I don't feel I have a good understanding of what the center of mass of an object it, and what its properties are. I know it's the position of all mass elements weighted by their mass and divided by the total mass.
I have learned that the center of mass moves as if it was only subject to external forces. So say you pushed on a box of mass m with a certain force F, then the center of mass of that box should move with an acceleration given by F/m. But since the whole box moves with the same acceleration what is then the so special about this specific point?
I also have trouble finding out what exactly the center of mass represents physically. Say it is in the middle of the box, is the center of mass then the point particle situated in the midst of the box or is it a more abstract point?

 

[Oxvillian]

I don't feel I have a good understanding of what the center of mass of an object it, and what its properties are. I know it's the position of all mass elements weighted by their mass and divided by the total mass.
I have learned that the center of mass moves as if it was only subject to external forces. So say you pushed on a box of mass m with a certain force F, then the center of mass of that box should move with an acceleration given by F/m. But since the whole box moves with the same acceleration what is then the so special about this specific point?
I also have trouble finding out what exactly the center of mass represents physically. Say it is in the middle of the box, is the center of mass then the point particle situated in the midst of the box or is it a more abstract point?

The center of mass is just an abstract point in space, representing the "average location" of the mass of the system. There doesn't actually have to be anything there (eg. a donut - the center of mass is in the hole).

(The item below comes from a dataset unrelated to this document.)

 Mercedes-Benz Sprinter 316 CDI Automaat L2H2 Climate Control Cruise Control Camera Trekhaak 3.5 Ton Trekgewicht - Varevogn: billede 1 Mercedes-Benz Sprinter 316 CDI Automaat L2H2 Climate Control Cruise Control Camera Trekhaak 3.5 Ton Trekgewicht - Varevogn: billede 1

Note that all bits of the system don't have to move together. For example, if a firework explodes in mid-trajectory then its center of mass continues to follow the old trajectory (since no external force has acted on it), even though none of the constituent bits do.

 

[Rooted]

The centre of mass is a unique point in a system, almost an average of all the bits of the mass in the system and their distance from the centre of mass. Any forces or torques acting on the system, like gravity, can be thought to act on the centre of mass. For something like a square uniform box, the centre of mass being within the body of the box might seem a bit obvious, and might not seem to make the problem any easier. However if you think about a system like the moon and the Earth for example, the moon is not really rotating about the Earth, they are both rotating around their combined centre of mass. For this system the centre of mass is within the body of the Earth, but in a different system it might be somewhere in the middle of the two. Here's a page about it. http://astro.unl.edu/naap/esp/centerofmass.html

Does that help?

 

[CWatters]

If you accelerate an object it will try to resist as it has inertia. The reaction force is distributed throughout the mass but for most problems it can be considered to act at the center of mass.

If the force you applied to cause the acceleration doesn't act through the centre of mass a couple exists that will try to rotate the object.

 

[CWatters]

But since the whole box moves with the same acceleration...

Not allways true. Ever ridden standing up on a bus? As it accelerates/brakes there is a tendency for you to fall over because the force acting to accelerate you acts on your feet and not through your centre of mas.